[FYI, this is in part what I intended to respond with over at Rachel’s. I’m posting it on my own blog because it’s not my place to take over hers 🙂 It has grown somewhat as I worked on it, and I think I may now have an inkling of how den Beste must feel as he writes. Bear with me.]
I have had my basic liberal democratic principles questioned over on Rachel Lucas’s blog, in the comments to the post there that I linked earlier, by an apparent progressive type who thinks I am an opinionated, self-centered megalomaniac with delusions of godhood. (Hmm, that should get a rise out of Naylor.) Well, actually what he said was that the world doesn’t revolve around me.

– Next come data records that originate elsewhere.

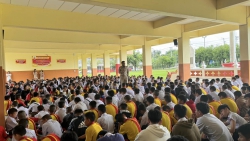 20240928085059(1).jpg - ทีมงานกิจการนักเรียน งานปกครองโรงเรียนและตำรวจ สภ.สันทราย ให้ความรู้ กำกับดูแล ตรวจค้นสิ่งผิดกฎระเบียบของโรงเรียน | https://ssl.ac.th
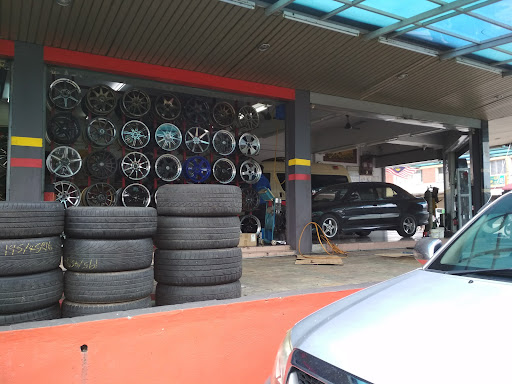 G-Max Auto Service Centre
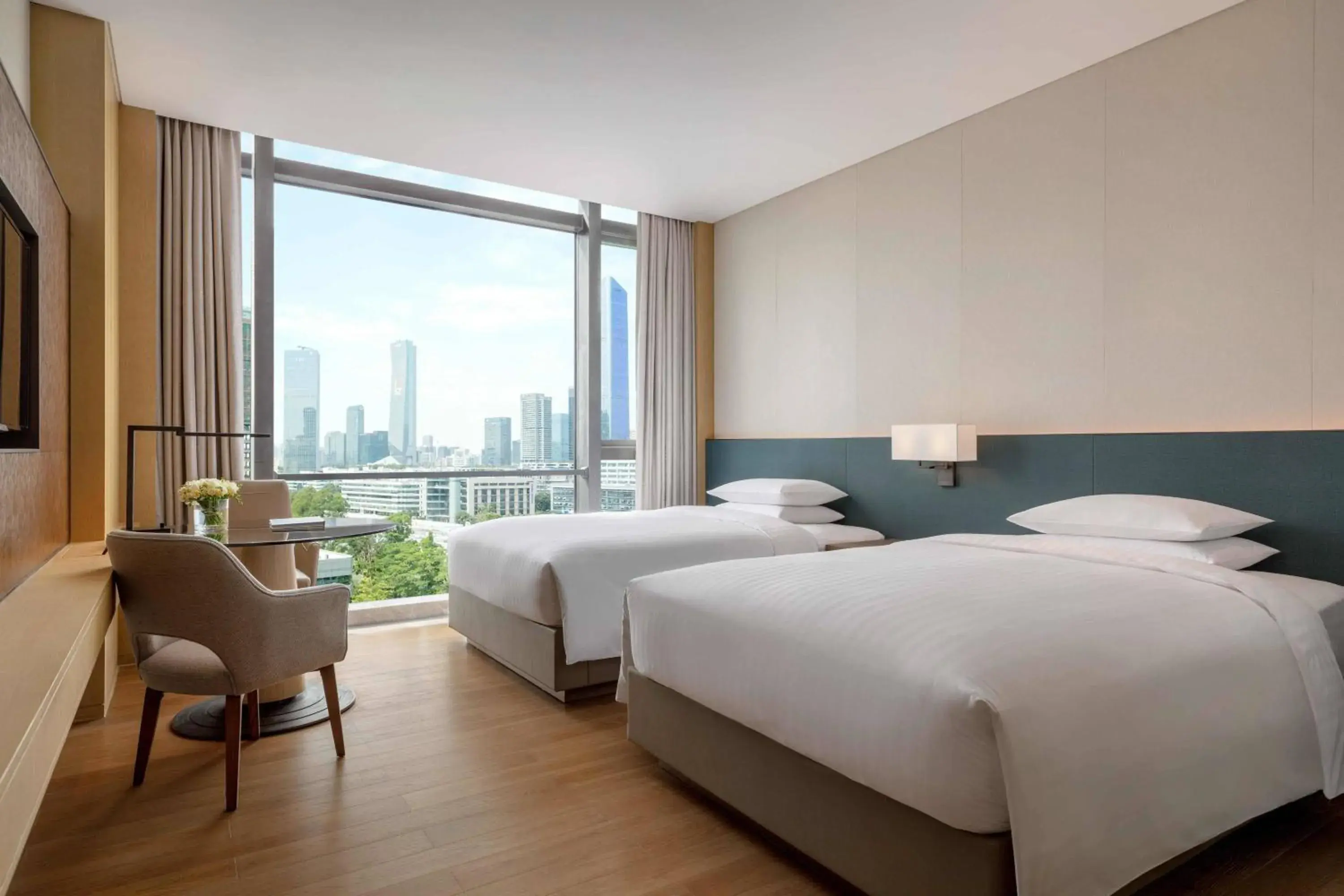 Deluxe Twin Room in Courtyard by Marriott Shenzhen Bay Deluxe Twin Room in Courtyard by Marriott Shenzhen Bay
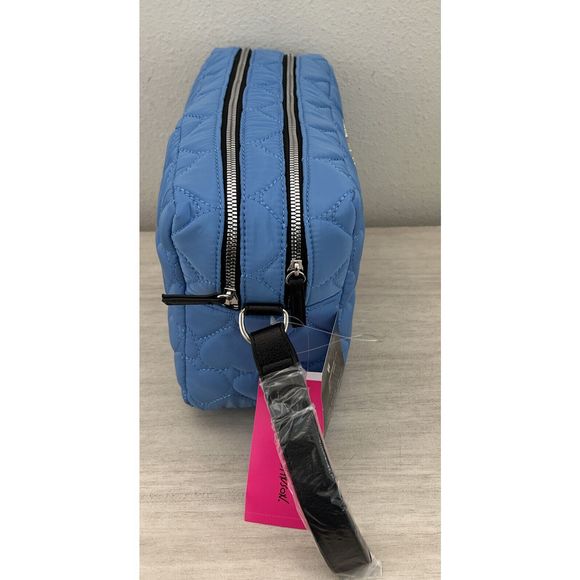 Betsey Johnson CBJ-1092 Periwinkle Blue Double Zip Weekender Cosmetic Bag $68+ - Picture 7 of 11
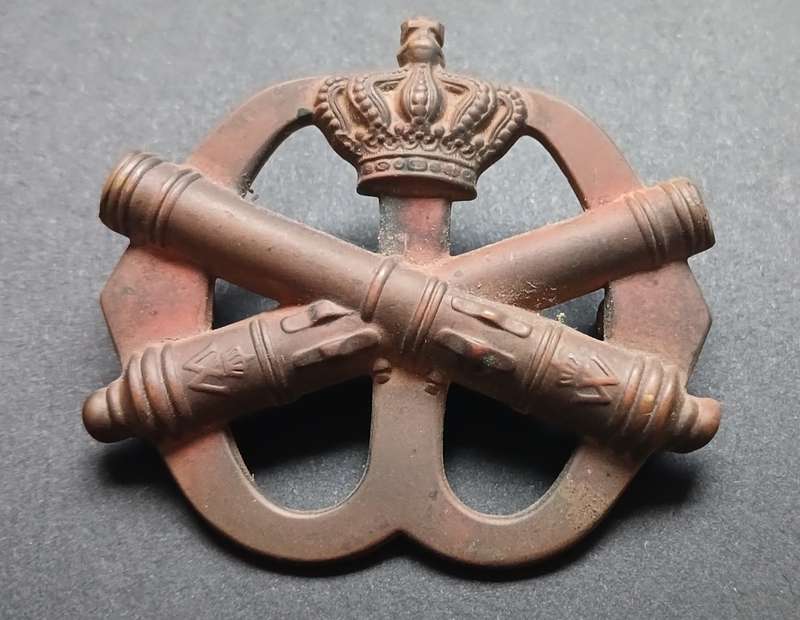 NETHERLANDS FIELD ARTILLERY HAT / BERET BADGE                  C35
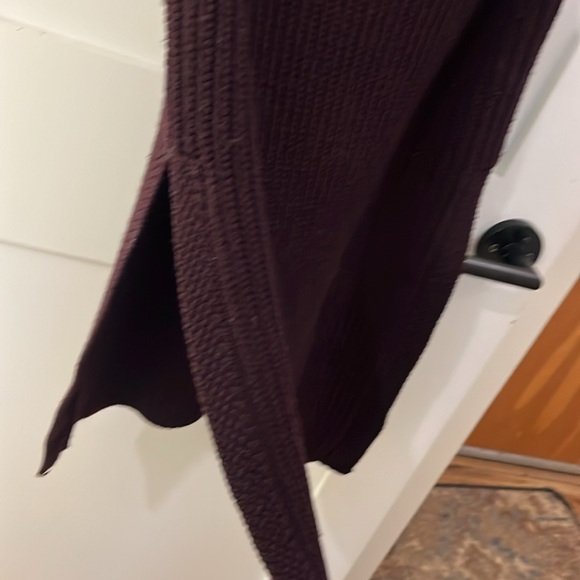 Deep eggplant knitted tunic sweater with small side slits - Picture 3 of 4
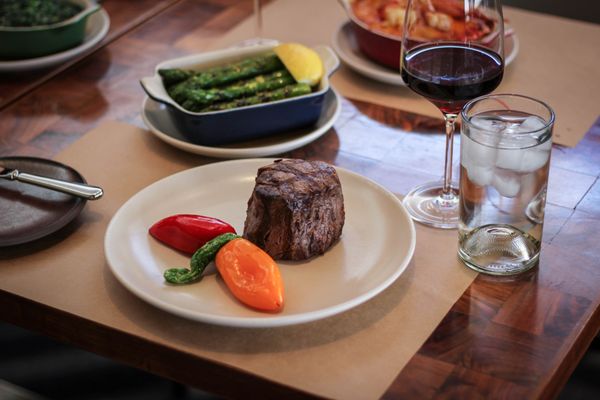 J&G Steakhouse by null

But of course it does, sir. I hope it revolves around you, too. I think it has something to do with feelings of self-worth and self-conciousness, an opinion that I can change the world in some ways, and an acknowledgement that there are some things in this world that I can simply do nothing about. If I could kill Yasser Arafat, or Saddam Hussein, I’d be there locked and loaded. Unfortunately, I can’t do anything about that, short of backing the administration in their efforts to dethrone their sorry asses. So yes, the world does revolve around me. Live with it. I live with the fact that it revolves around you, after all.

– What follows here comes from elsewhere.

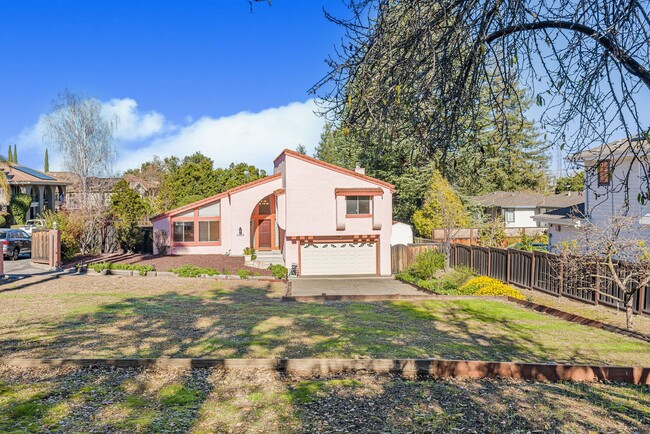 Building Photo - Beautiful Los Gatos home on an oversized l...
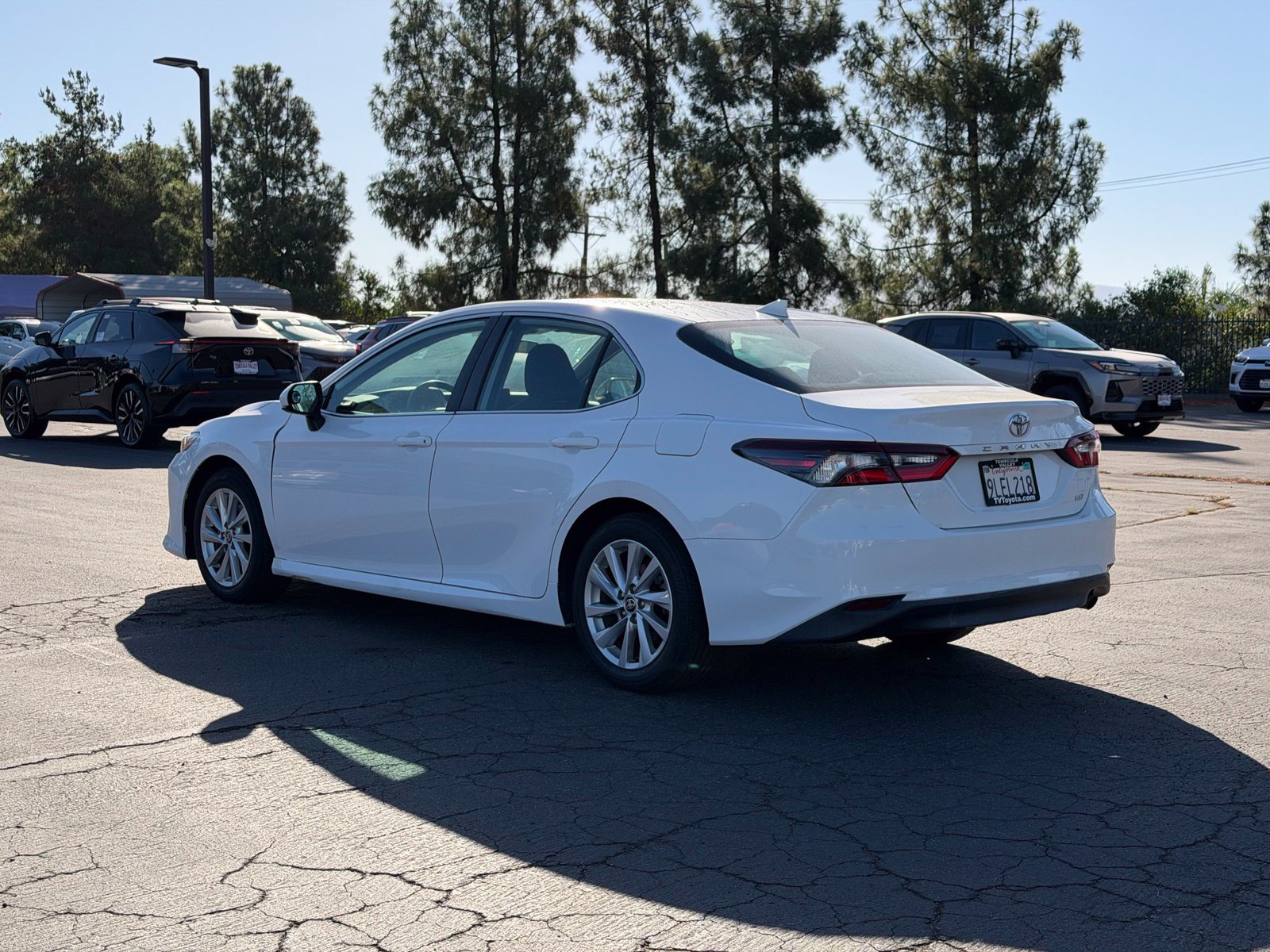 Used 2023 Toyota Camry LE FWD image 3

The smoke and fire over at Rachel’s had to do with attitudes about noisy children (I believe I characterized them as squalling candy-grubbing brats) in stores and restaurants (in any case, in public spaces). Now allow me to state that in my opinion, noise (particularly that of children) in its place is fine. I don’t object to family reunions or birthday parties because of children running around screaming, or babies crying for whatever reason. Rather, I expect it, and I revel in it.
I think however that we are talking about a different type of noise. In public I expect a different sort of decorum. I expect children to be well-behaved, and their parents to control them if they are not. Call me old-fashioned, but that’s the way it was when I grew up, and I expect nothing less of succeeding generations.

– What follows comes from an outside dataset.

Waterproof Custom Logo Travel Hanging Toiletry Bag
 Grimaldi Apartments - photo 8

I have never subscribed (and will never subscribe) to the idea that control of YOUR children in public space is up to ME (or vice versa, so stay away from any kids I may ever have or suffer the consequences). Your children are not my responsibility (unless of course they have been officially handed over to my responsibility, such as in the Boy Scouts to go camping, or by a relative or friend to spend the weekend), regardless of what Hillary Clinton thinks. (Not that Hillary really thinks, but I digress.)
It does NOT take a village to raise a child, which is what my opponent would have us believe in telling me that I should lend a hand, or make a donation, or suggest that a particular store have a no-candy checkout lane, or shut up and suffer. That is the progressive, left-wing mentality which argues that all people, no matter how far removed — in other words, the “village” — must collaborate in the raising of a child. This is a fallacy perpetuated by the ghostwritten book ascribed to Hillary Clinton with that title. It was never the case in American history that the entire village collaborated per se in the raising of individual children (although I’ll retract that statement if someone shows me an historical example of a purely socialist governmental unit within the United States where parents surrendered their children to central authority to be raised; weird little Utopian religious communities like the ones in Southern Indiana don’t count). Correct them when their parents weren’t around maybe, but that was to be expected, because there was a certain decorum that reigned in people’s lives when the Republic was young, even up until say the 1950’s, and people weren’t expected to have to put up with unruly children. But parents of unruly children always found out about their behavior, even if they weren’t around to correct it in person. My mother and father were fully aware of this system of inter-adult communication while growing up. So then were my sister and I.
So contrary to popular belief on the left, it takes parents to raise a child, not a community of people waving their fingers in the child’s face. Ultimately it is not MY responsibility to correct YOUR child. To paraphrase what Rachel said, “YOU had ’em; YOU correct ’em”. And I won’t threaten to sic the cops on you when you do, unless you do something stupid like lock them in a closet or try to starve them or drown them in a bathtub. There are limits.
The difference between my opponent and myself is that I do not think like a progressive, and I don’t try to win arguments by setting up straw men that make it look like I should. I think like a liberal democrat (please carefully note the small “l” and small “d”) of the Hayek persuasion who believes that responsibility for all actions ultimately devolves on those who are most directly responsible — in this case, parents who should be taking responsibility for their own children — and not on the community at large. Community child nurturing, like central planning, doesn’t work. It’s what has given us the ill-groomed, black-clad, gloom-and-doom teenagers we see all the time who believe in nothing and see no hope in their future.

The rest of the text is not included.